To Live and Die in L.A.
article de KtuLulu
, publié le 24 septembre 2007 à 14:05

Thèse de l’article : ce polar fourre-tout est remarquable pour décrypter son époque.
1985 : date de sortie du film. après moult tractations, la télé accéde enfin à son trône, étendant un peu plus son voile sur la culture universelle. C’est l’âge d’or du film jetable. Hollywood tourne d’ailleurs ses premiers "direct-to-video" (films qui ne connaitront jamais le bonheur d'une projection). Les séries télé et téléfilms cheap sont de plus en plus nombreux. Nous en découvrirons une tripotée en France, grâce à la 5.
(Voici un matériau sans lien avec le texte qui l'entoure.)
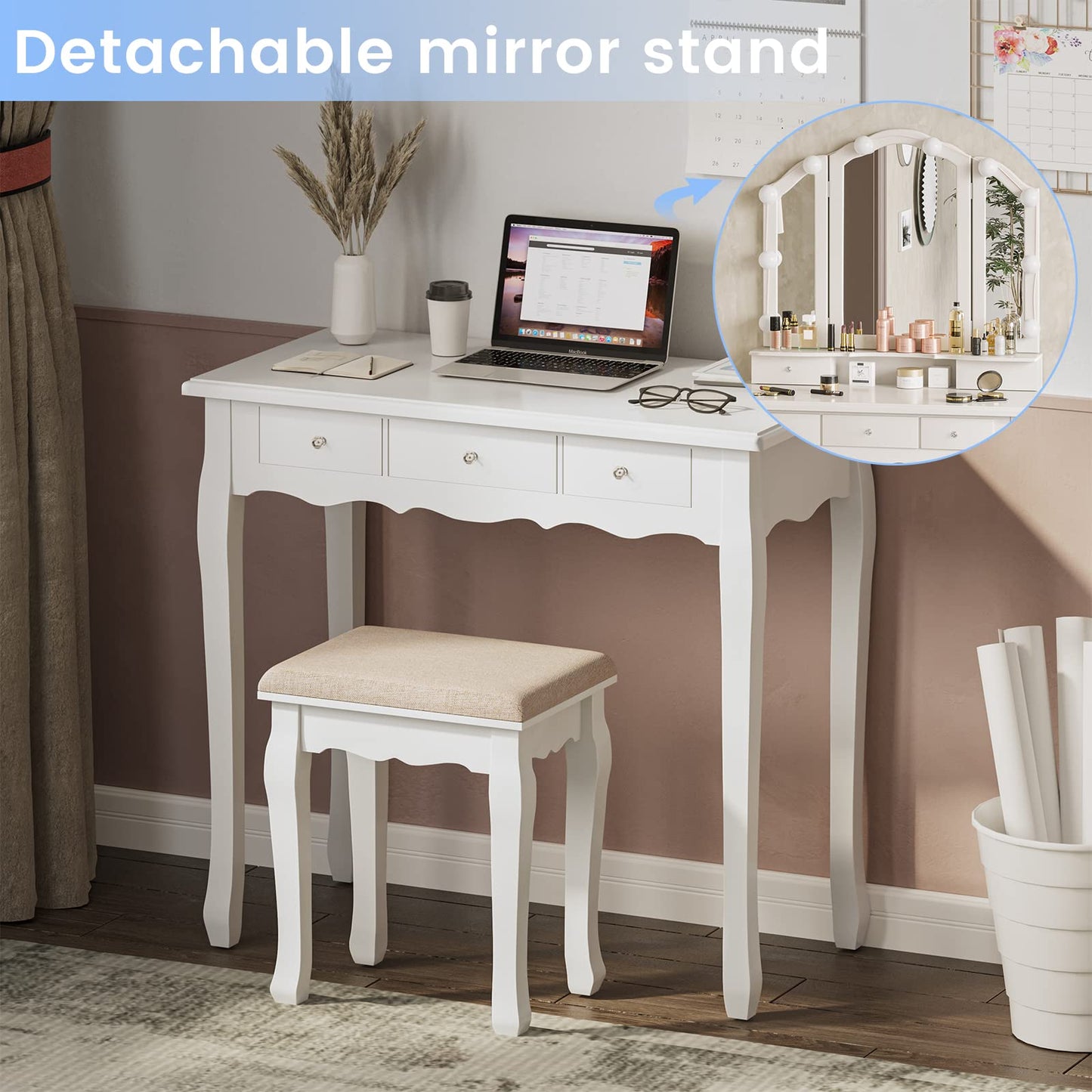 Makeup Vanity with Lights, Vanity Desk with Lighted Mirror and Stool, White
William Friedkin, un jeune réalisateur de 50 ans, a déjà deux gros films à son actif: "French Connection" et "L'exorciste". Il a réalisé aussi "the Sorcerer", un savant remake du "Salaire de la Peur" (que l'on a astucieusement renommé "Le Convoi de la Peur" en France pour être sûr que personne ne le confonde avec l'original mais un petit peu quand même).
Ce cinéaste est réputé intelligent, efficace et clairvoyant. Certaines personnes, probablement douillettes, prétendent qu'il torturerait ses acteurs pour obtenir les scènes les plus percutantes.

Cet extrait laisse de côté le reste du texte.